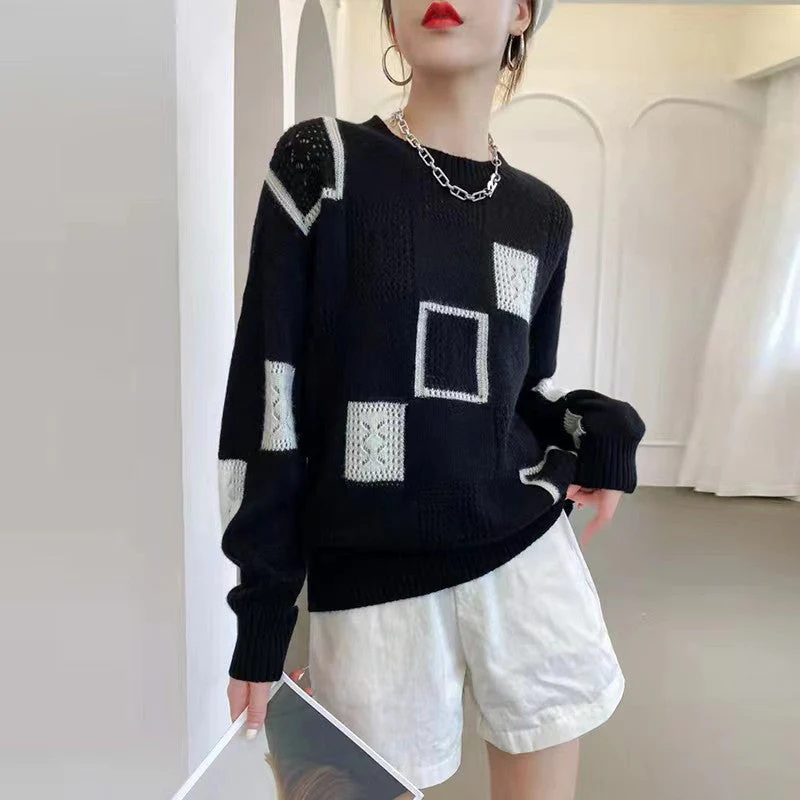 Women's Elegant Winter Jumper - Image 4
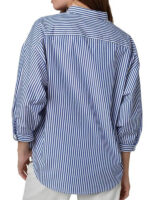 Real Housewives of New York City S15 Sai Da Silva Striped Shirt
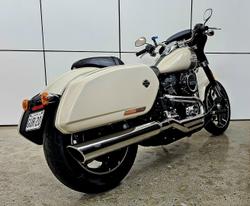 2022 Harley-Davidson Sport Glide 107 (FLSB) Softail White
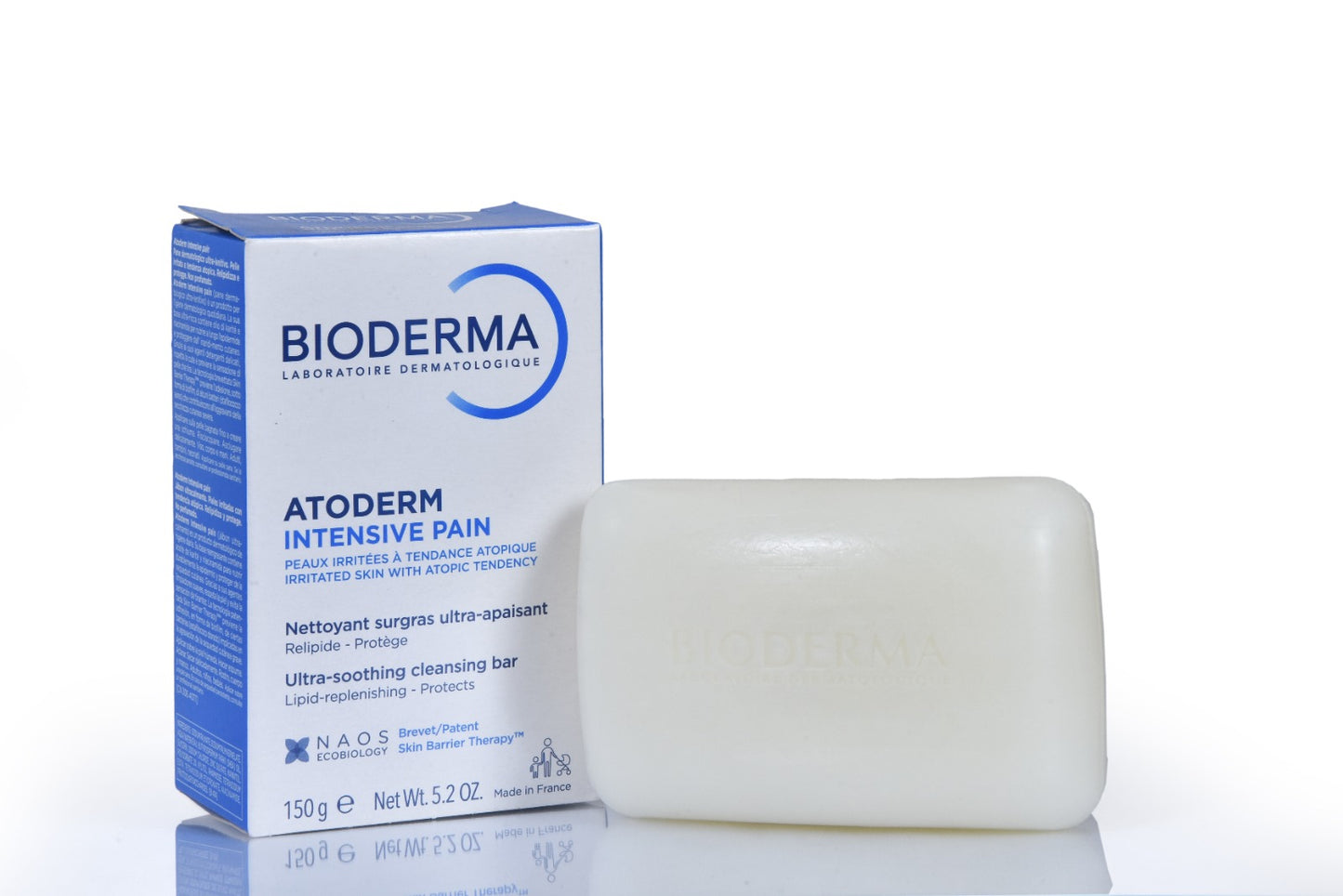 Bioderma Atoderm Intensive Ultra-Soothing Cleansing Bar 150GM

···

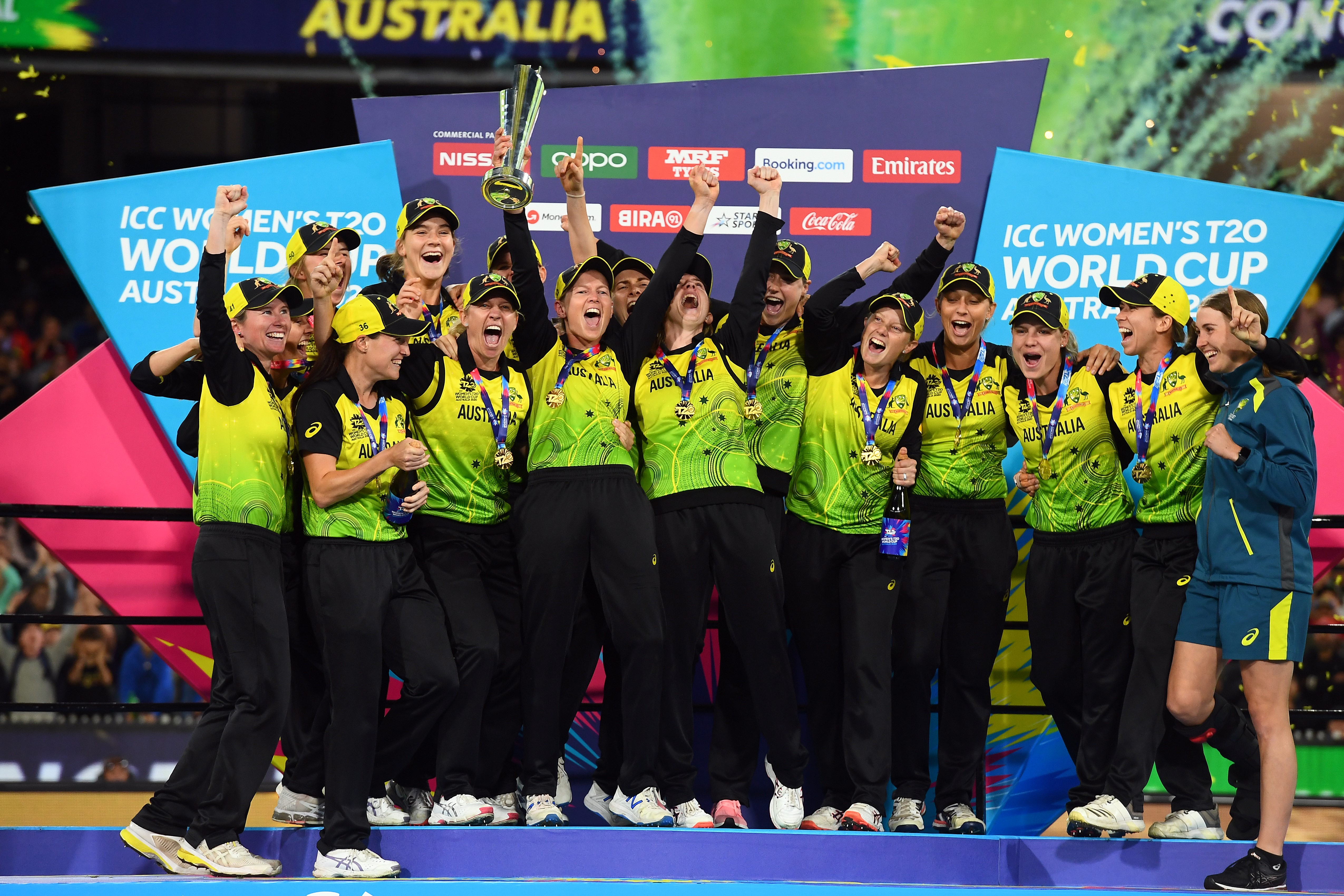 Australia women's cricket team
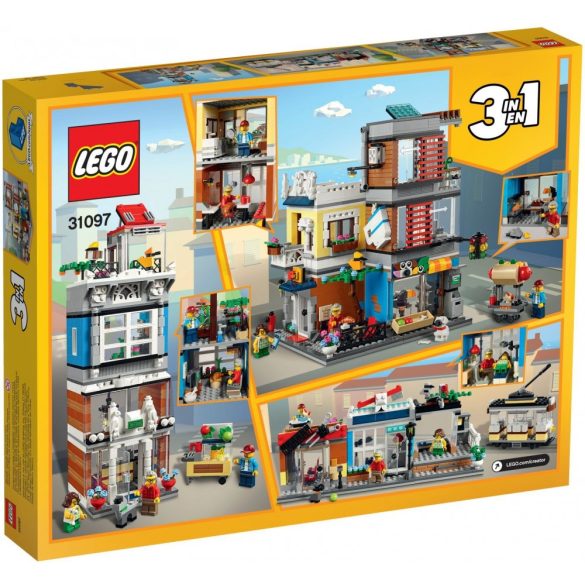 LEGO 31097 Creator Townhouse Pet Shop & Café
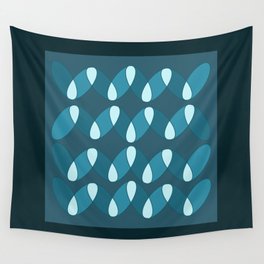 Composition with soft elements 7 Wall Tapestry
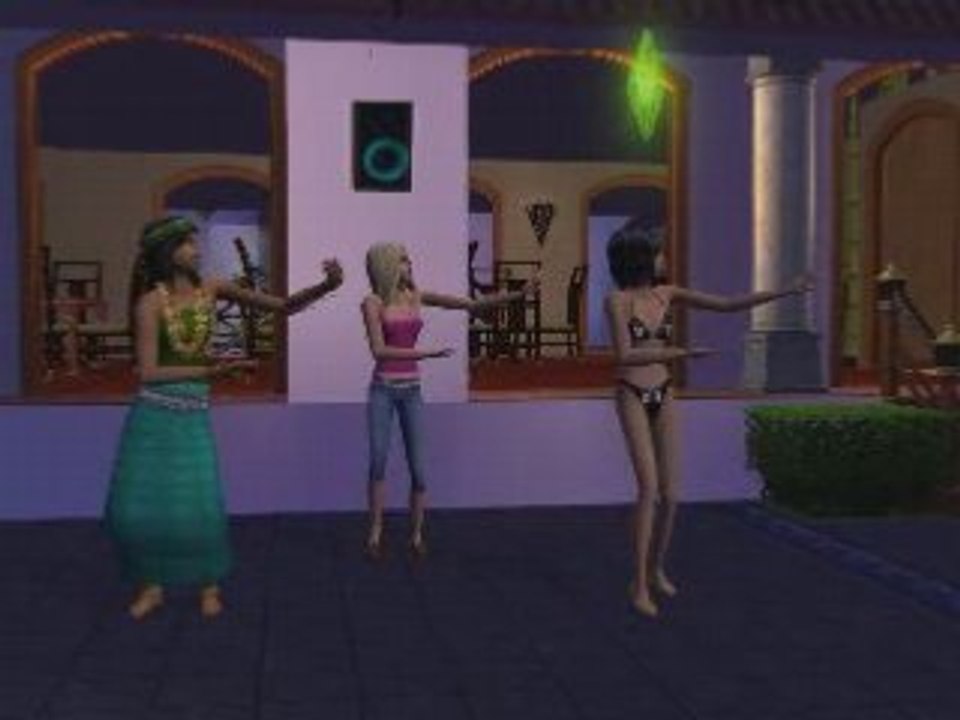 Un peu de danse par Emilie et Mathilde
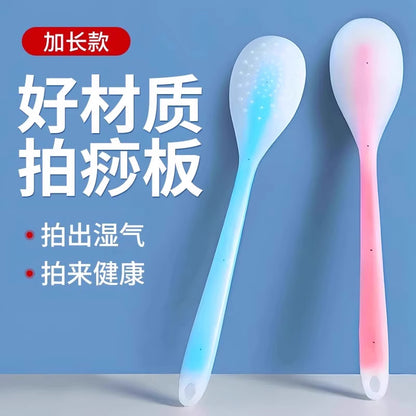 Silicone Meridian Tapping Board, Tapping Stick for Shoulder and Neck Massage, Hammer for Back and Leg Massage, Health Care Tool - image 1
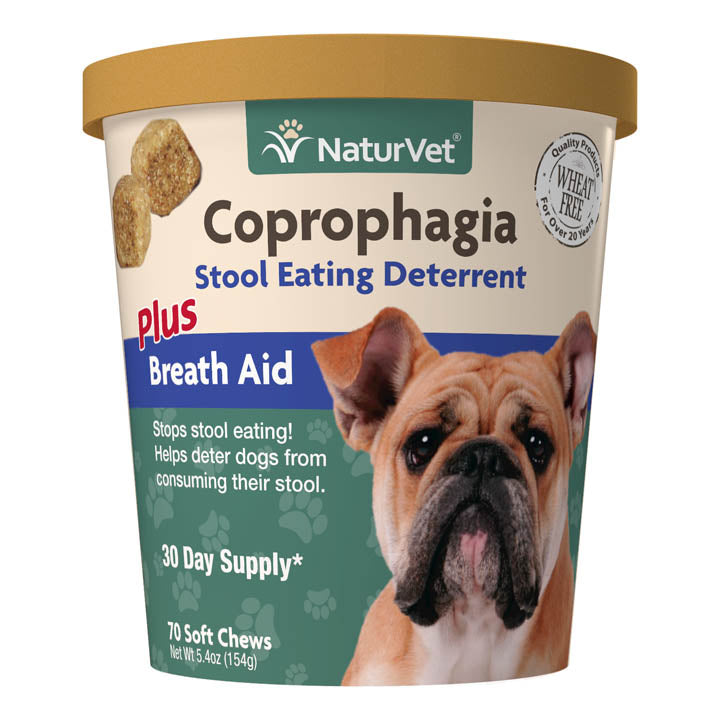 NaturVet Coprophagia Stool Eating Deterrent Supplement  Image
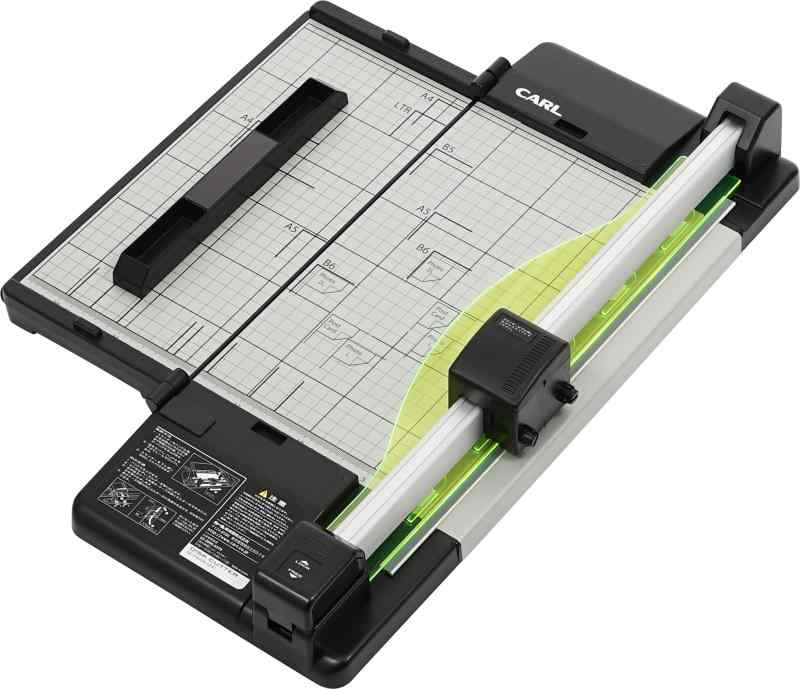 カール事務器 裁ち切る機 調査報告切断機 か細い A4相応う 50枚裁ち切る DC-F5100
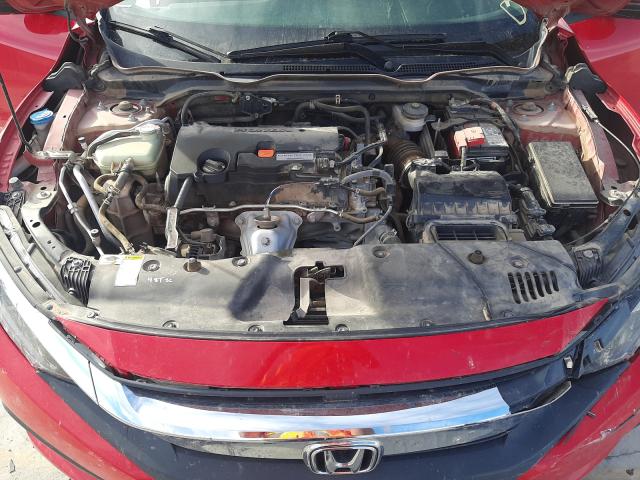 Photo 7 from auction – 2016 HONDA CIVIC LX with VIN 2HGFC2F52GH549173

···

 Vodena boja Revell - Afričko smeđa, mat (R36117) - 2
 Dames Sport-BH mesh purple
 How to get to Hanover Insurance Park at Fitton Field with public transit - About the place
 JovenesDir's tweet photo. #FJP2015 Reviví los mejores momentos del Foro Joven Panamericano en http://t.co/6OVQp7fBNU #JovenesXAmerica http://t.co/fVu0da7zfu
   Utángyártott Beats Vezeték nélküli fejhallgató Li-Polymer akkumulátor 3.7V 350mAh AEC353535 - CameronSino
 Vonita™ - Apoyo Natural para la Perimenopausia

···

What the task asks —
Reproduce exactly the lines above that run from the one with "Women's Elegant Winter Jumper - Image 4" to the one with "Bioderma Atoderm Intensive", both included, leaving pictures out.

Exercise result —
 Women's Elegant Winter Jumper - Image 4
 Real Housewives of New York City S15 Sai Da Silva Striped Shirt
 2022 Harley-Davidson Sport Glide 107 (FLSB) Softail White
 Bioderma Atoderm Intensive Ultra-Soothing Cleansing Bar 150GM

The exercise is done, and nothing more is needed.